Miguel’in ait olduğu toplum ve kültürün de etkisiyle, aile bağları çok kuvvetlidir. Anne-babası, büyükannesi ve büyük büyükannesi Coco ile birlikte yaşarlar. Miguel, Mama Coco’yu ayrı bir sever ve onunla çok şey paylaşır. Dante ismini verdiği sokak köpeği ise en yakın dostudur. Aile büyükleri, onun ayakkabı ustası olup aile geleneğini devam ettirmesini isteseler de o, müziğe aşk duyar. Oysa aile genelinde müzikle uğraşmak yasaktır ve Miguel’in, müzisyenlerin çokça bulunduğu şehir meydanında vakit geçirmesini dahi istemezler. Ayakkabı boyamak için gittiği meydanda hayallerini paylaştığı bir müzisyenden, “yerinde olsam aileme, ben bir müzisyenim buna alışın derdim” öğüdünü alır.
Miguel, bu yıl ki “Ölüler Günü”nde bir yetenek yarışması düzenleneceğini öğrenir. Yarışmaya katılıp gitar çalmak ve müzikle uğraştığını herkese duyurmak ister. Ölen aile üyelerinin ruhlarının yakınlarını ziyaret ettiğine ve böylelikle tüm ailenin bir araya geldiğine inanıldığı “Ölüler Günü”nde ruhların, yaşayanlar diyarına geçebilmeleri için evlerinde fotoğrafları yer almalıdır. Kapı önlerine döşenen kadife çiçeği yaprakları, atalarına evlerinin yolunu gösterir. Onların sevdikleri yiyecekleri, eşyaları ve yaptıkları eserleri sunak odasında sergilerler. Büyük büyük büyükbabanın ruhu gelemesin ve hiç hatırlanmasın diye aile fotoğrafında kafası koparılmıştır, adı da bilinmez ve anılmaz. Yalnızca yaşlı Mama Coco babasını sayıklamaktadır.

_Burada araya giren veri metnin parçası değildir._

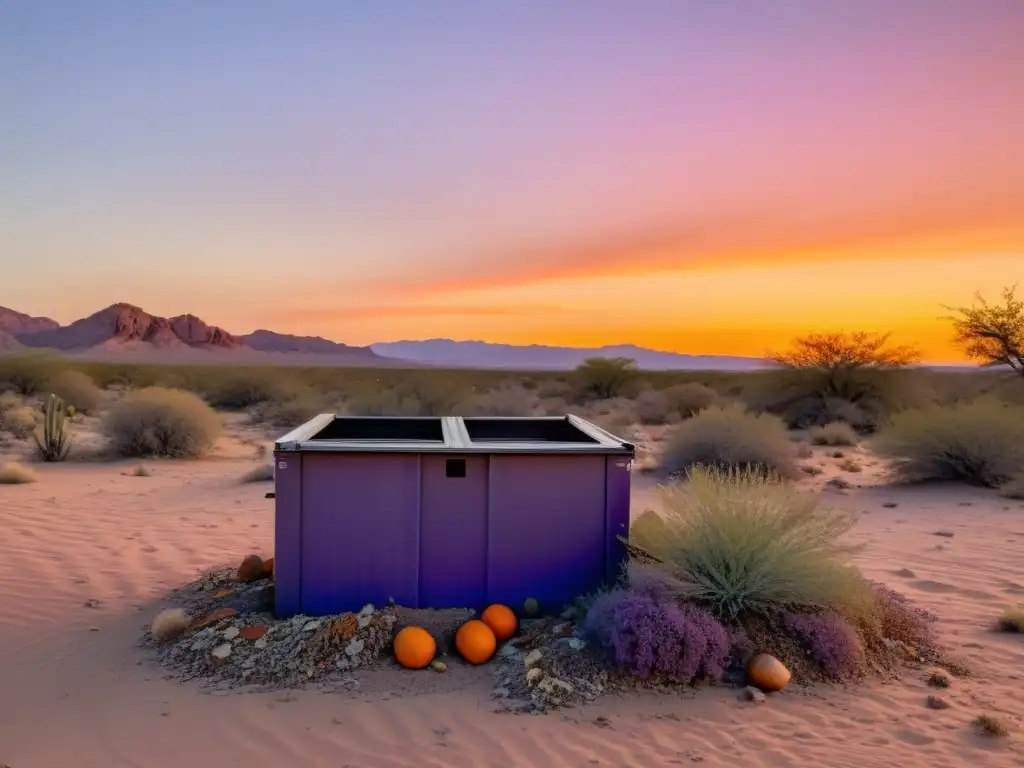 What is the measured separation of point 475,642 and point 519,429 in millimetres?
3511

“Müzik lisanım, dünya ise ailem.”
Miguel’in “müziği sevmemem gerekiyordu biliyorum ama bu benim değil, onun suçu” dediği Ernesto de la Cruz, yıllar önce yaşamış ve ünü devam eden yerli bir müzisyendir. Büyük hayranlığı sayesinde onun hikayesini ve eserlerini ezbere bilir. En beğendiği şarkısı da, “Hatırla Beni”dir. Bazen onunla aralarında bir bağ varmış hissine kapılır. Sanatçının resimlerinden ve eserlerinden oluşan küçük bir sunak hazırlar evin kuytu köşesine. Miguel, orada el emeği ile gizlice yaptığı gitarını çalmayı de la Cruz’u taklit ederek öğrenir ve “keşke birisi beni dinlemek isteseydi!” diye de yakınır.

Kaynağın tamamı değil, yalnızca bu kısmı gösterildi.